Agoraphobia kept me prisoner, but ultimately set me free 

Most authors will tell you that they have wanted to be writers ever since they can remember, and have always imagined they would have their own stories on the shelves one day. My start, however, was a little different.

            I loved reading and writing as a child. English was one of my favourite subjects in school. I beamed whenever I had the opportunity to exercise creative writing in class and I’ve always loved reading, even if a little out of my age range (I was once told a book was too mature to bring to school… I can’t even remember what it was. All I knew was: it was a book and I was going to read it). But I never remember thinking that my love of reading and writing meant that I could have a book on the shelf too. I never thought that someone like me, a working class kid, could achieve something so monumental. I had put limitations upon myself from the very beginning: I wouldn’t even allow the idea of writing a book, let alone getting it published, to enter my mind, which stayed that way until one day, many years later, my dream finally clicked… but not without struggles along the way.

            Cut to me, aged seventeen. After moving four hours away from home in a wild, rebellious rush, I returned home utterly broken from a traumatic experience. I came home to feel safe, with no idea that the very same home I craved would become my prison for over a year.

            Anxiety is a powerful, intelligent thing. I’ve had it my entire life. Separation anxiety plagued every goodbye. Sunday nights were hell in my house, as my anxiety exploded from having to face another week of school. But even a lifetime of anxiety could not have prepared me for the debilitating power of agoraphobia and PTSD.

            Overnight, I became a recluse. I existed entirely behind closed doors. I gave windows a wide berth to avoid being seen, flinching whenever someone walked by. I shut myself away if there were visitors in the house, and lost all sense of night and day, sleeping in the day and living at night, which made me feel like I was the only person awake in the entire world, a unique breed of loneliness that I wouldn’t wish on anyone. My anxiety was triggered by everything and anything, however irrational they seemed. And then it got so bad that I couldn’t even leave my bedroom.

            I remember when this happened: I had walked down the stairs at the exact same moment the postman delivered our mail, and the shock of it brought on a horrendous panic attack. I collapsed on the stairs and stayed there, hyperventilating with my eyes on the glass in the door, too terrified to move. I stayed there for an hour. Just like that, I was confined to my bedroom, too scared to even look out of my own window.

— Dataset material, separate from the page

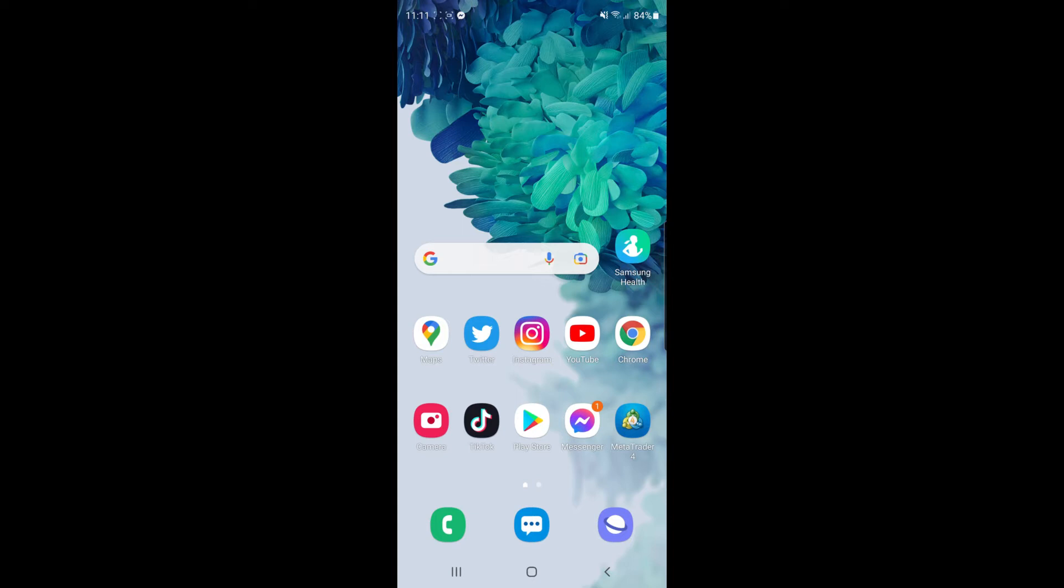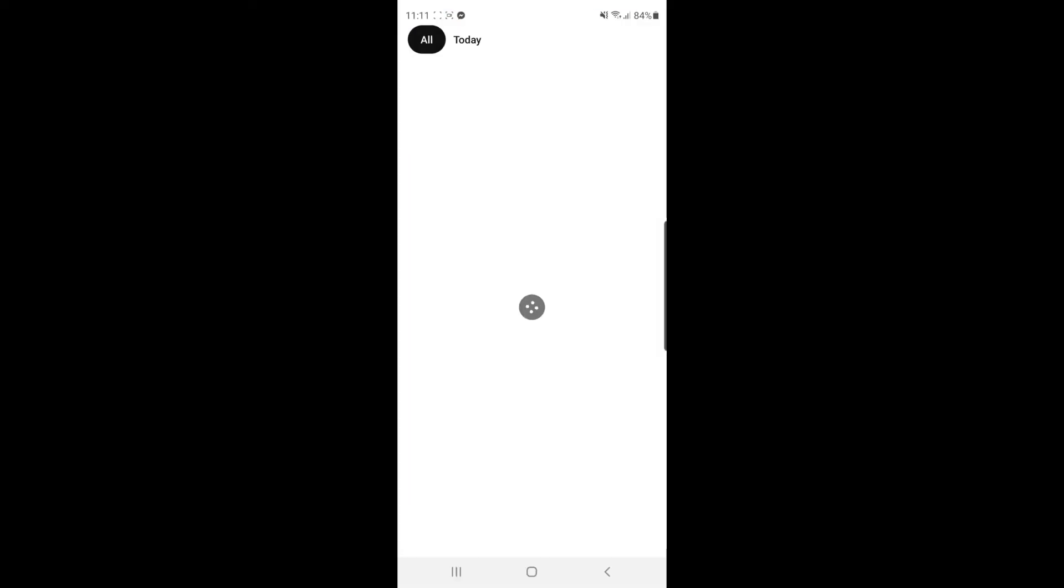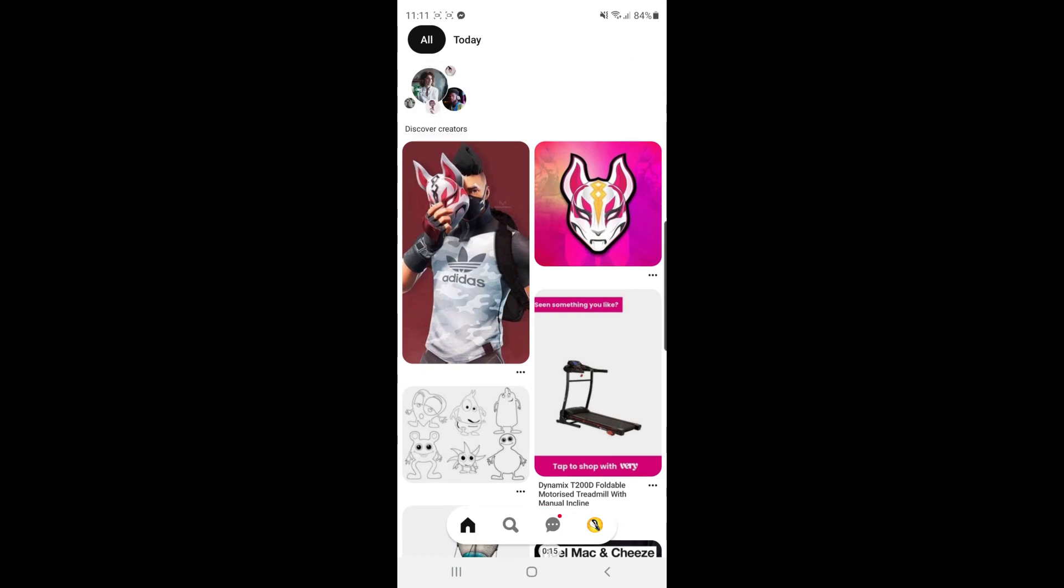So first of all what you'll need to do is head over to Pinterest. Once you open up Pinterest you'll be on this page here, so you will need to click on your profile picture which is right at the bottom of the screen.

            One morning, after another sleepless night, I lay in bed filled with unspent energy. Hiding away day and night takes very little physical exertion, and deprives a person of mental stimulation. The energy builds and builds and builds like traffic, and with nowhere to go, it ends up fuelling the anxiety, the very thing that was keeping me hidden in the first place – a never-ending cycle that I felt helpless to stop. So as the sun rose, I wrote a short story to pass the time. It was only a thousand words or so, written in the notes app on my Blackberry. I didn’t think anything of it, it was just something I did for fun, just another idea that had presented itself inside my mind that I had no idea what to do with or felt I had the right to act on. It was just to help me fall asleep.

            Except… when I woke up, I wrote another chapter. And another. And another. I had no idea that I was writing a book, only that I was creating characters who could exist outside of my prison. I was getting the stimulation I craved and a way out of my hell, even if my escape was only imaginary.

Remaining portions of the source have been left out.